The humanitarian situation is critical. Latest estimates indicate that 23 million Ethiopians will soon need humanitarian assistance and food aid across the country. Some areas, however, are already in a critical situation. People in the south are still dealing with the negative effects of the 2017 drought, which caused massive displacement of rural populations in search for water and grassland. And due to the war, the government blocked humanitarian aid to Tigray, contributing further to hunger.
3. The dangers are at hand
What happens if the conflict escalates? Will we see a breakdown of the Ethiopian multiethnic state with 100 million people? Will the crisis trigger other national and ethnic conflicts in such a highly explosive context? Ethiopia is both economically and politically the most important state in the Horn of Africa. The African Union has its headquarters in Ethiopia and the country is a spiritual giant. No other country in Africa, or even possibly the whole world, has seen revivals in recent years on a par with Ethiopia.
Ethiopia is one of the oldest Christian nations in the world, dating back to 330 AD. The Coptic Orthodox Church is still the largest religious association of the country. But there are also numerous Protestant evangelical denominations in Ethiopia, such as the Lutheran "Mekane Jesus" church with about 5 million members or the Mennonite Mesere Kristos church, the largest Mennonite church in the world. Baptist and Pentecostal churches make up the rest of the roughly 14 million Protestants in the country. These churches are growing by 6.5% annually and are highly active in mission.
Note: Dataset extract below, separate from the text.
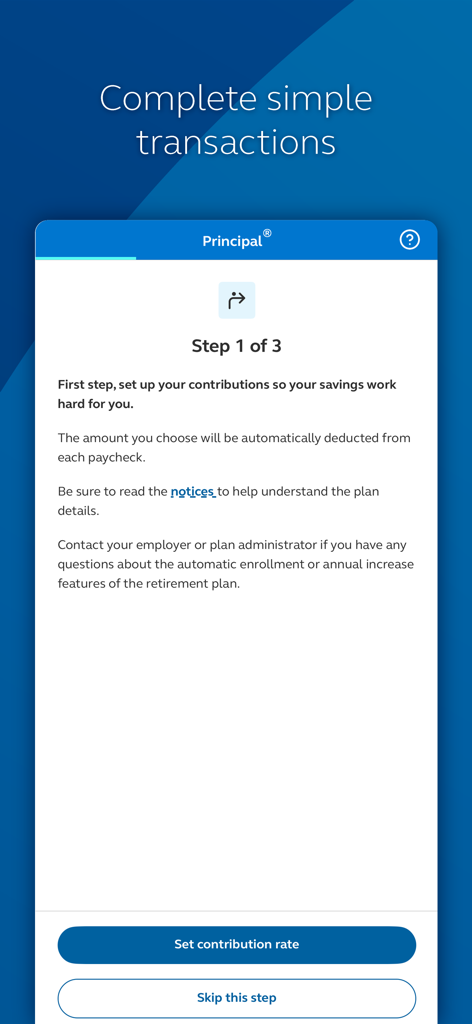 Principal® - Principalアプリの画面に、退職金貯蓄拠出金の設定の最初のステップが表示されています。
Nonetheless, the economic and political crisis in Ethiopia is affecting the witness of the evangelicals in a number of ways.
Firstly, evangelicals are found across Ethiopia and they tend, generally speaking, to support Prime Minister Ahmed, who himself is a Pentecostal Christian. But not all of them. The evangelicals in Tigray, for instance, largely support the TPLF and even participate in military actions by the rebels against the government in Addis Ababa. The war has divided evangelicals, creating strong feelings against one another. And where there is no unity, the witness will be considerably weakened.
Secondly, both the Coptic Orthodox former elite and the Muslim tribes see evangelicals in a critical light. The 400,000 Muslims who have become evangelical Christians in recent years has led to successive waves of persecution in the south of the country. The changed political situation could lead to more obstacles in evangelism in the country as well as mission outside of Ethiopia.
Third, the unrest in Ethiopia will limit the peace and reconciliation witness of Ethiopian churches considerably. The Horn of Africa is, politically speaking, a powder keg. Conflicts of different kinds may arise at any time. Ethiopian evangelical Christians have been an agent of reconciliation in the region. If they prove unable to solve multi-ethnic conflicts in their own country, this could make it harder for them to do so in similar situations in the wider region.
This and more should motivate evangelicals all around the world to pray for Ethiopia and for wisdom for both the government of Prime Minister Ahmed and the leadership of the various Christian churches. It is time to intercede for Ethiopia and pray for a functioning peace effort that will bring the conflicting parties and tribes, religious groups and churches to the table. Jesus is our peace. Millions of Ethiopians know Him. Now is the time to exercise peace across the nation. Our prayers are needed.
Johannes Reimer leads the Peace and Reconciliation Network of the World Evangelical Alliance.